• YOUR INSTRUCTIONS
Give back every record verbatim, but not the pictures.

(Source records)
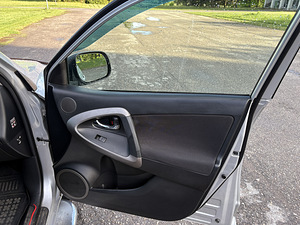 Toyota RAV4 2.2 (13 foto / 15)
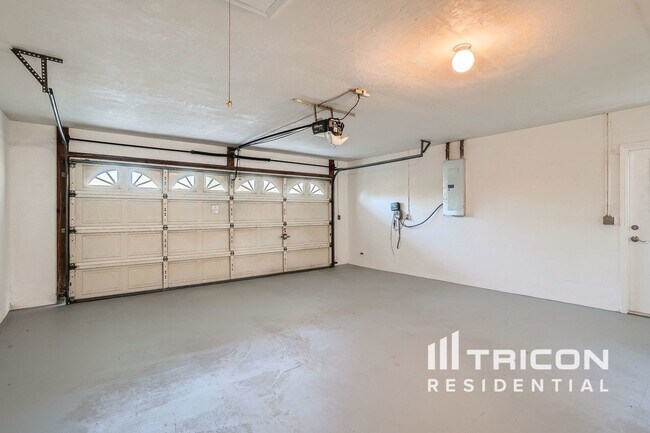 Building Photo - 10 Pittman Dr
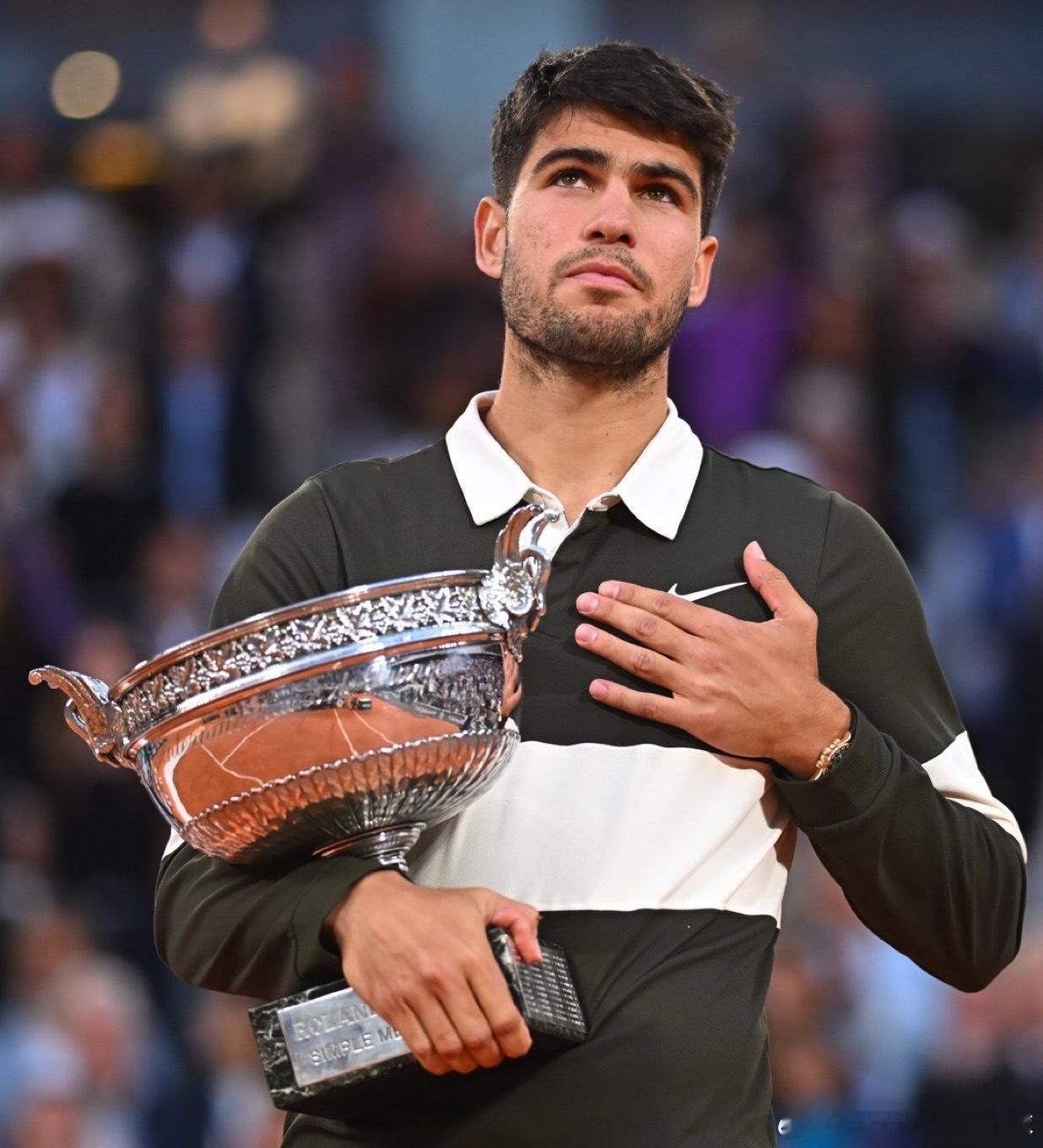 阿尔卡拉斯计划女王杯复出为温布尔顿热身来自记者加西亚·穆尼兹的阿尔卡拉斯最新消息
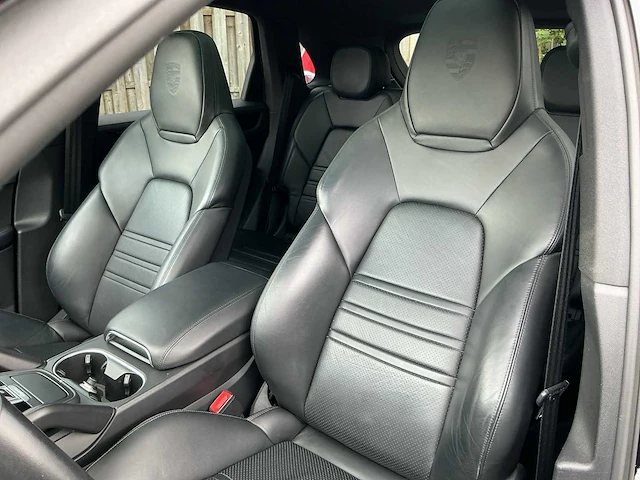 2020 porsche cayenne personenauto - afbeelding 16 van  62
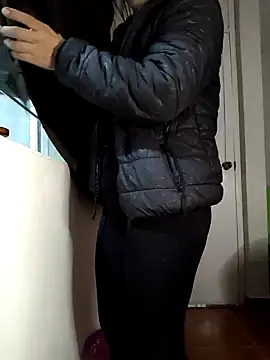 ARIANA SAENS online show from 02.05.25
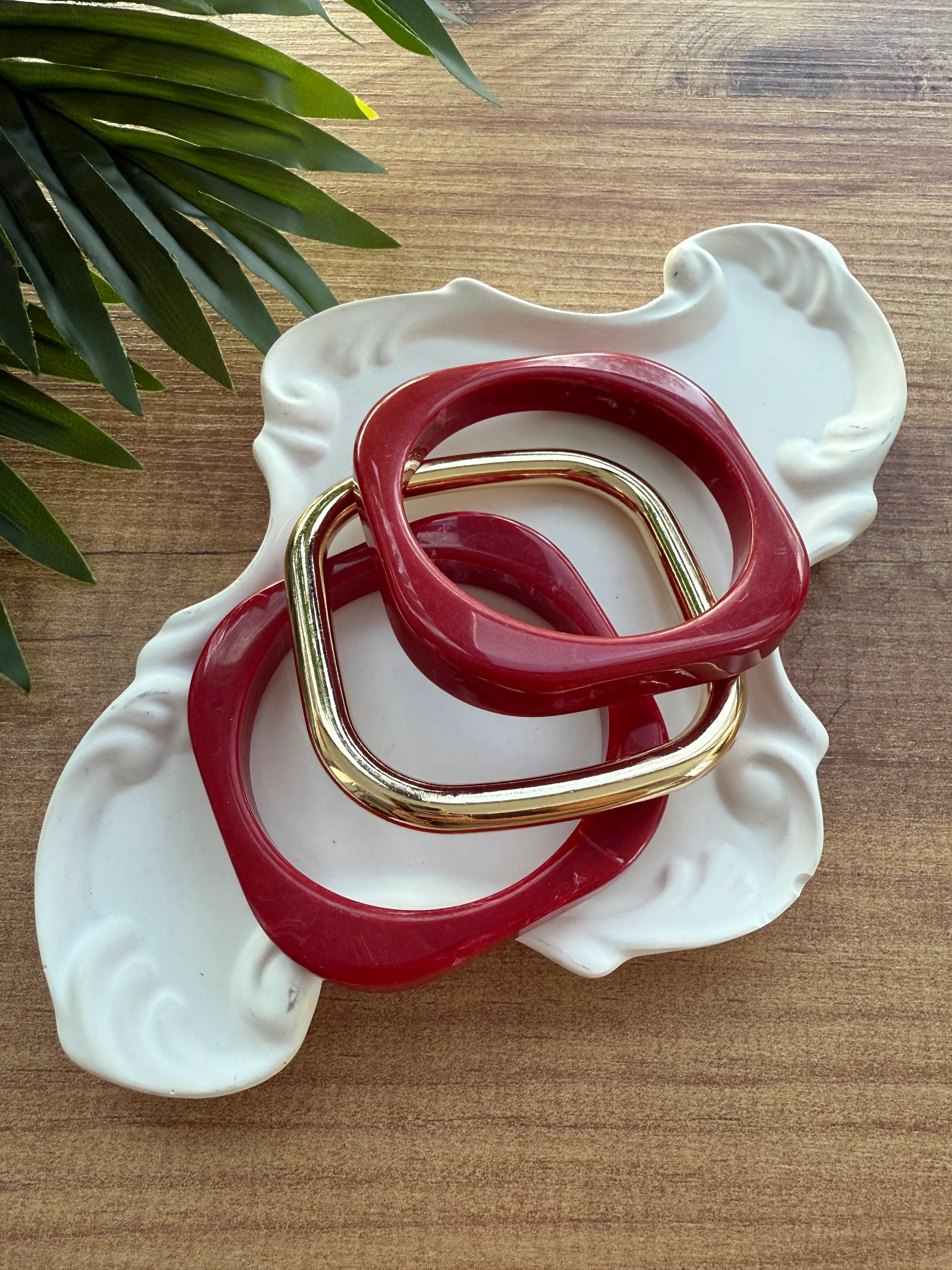 Kırmızı Akrilik Kare Form 3'lü Bilezik Seti 6.5cm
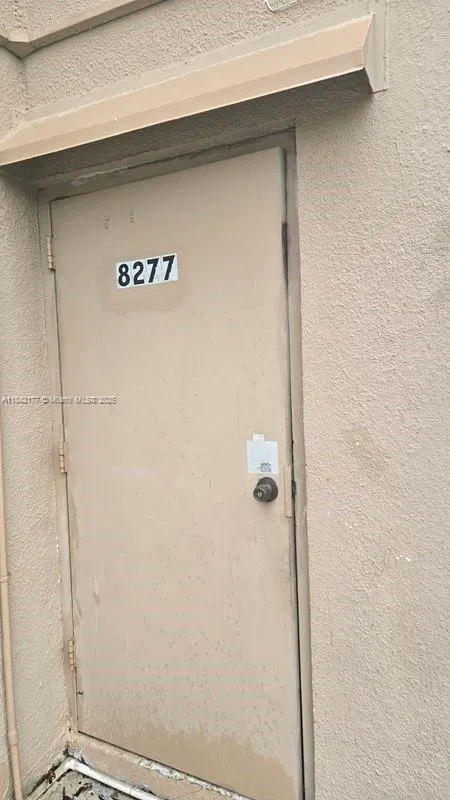 Established Tailoring Boutique with Subleased Shoe Repair Area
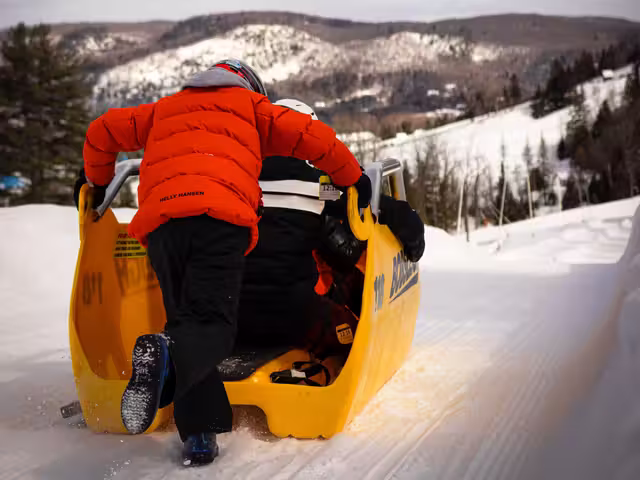 Bobsleigh des neiges&nbsp;&nbsp;&nbsp;&copy; Glissades Domaine des Pays d'en Haut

• ANSWER TO THIS TASK
 Toyota RAV4 2.2 (13 foto / 15)
 Building Photo - 10 Pittman Dr
 阿尔卡拉斯计划女王杯复出为温布尔顿热身来自记者加西亚·穆尼兹的阿尔卡拉斯最新消息
 2020 porsche cayenne personenauto - afbeelding 16 van  62
 ARIANA SAENS online show from 02.05.25
 Kırmızı Akrilik Kare Form 3'lü Bilezik Seti 6.5cm
 Established Tailoring Boutique with Subleased Shoe Repair Area
 Bobsleigh des neiges&nbsp;&nbsp;&nbsp;&copy; Glissades Domaine des Pays d'en Haut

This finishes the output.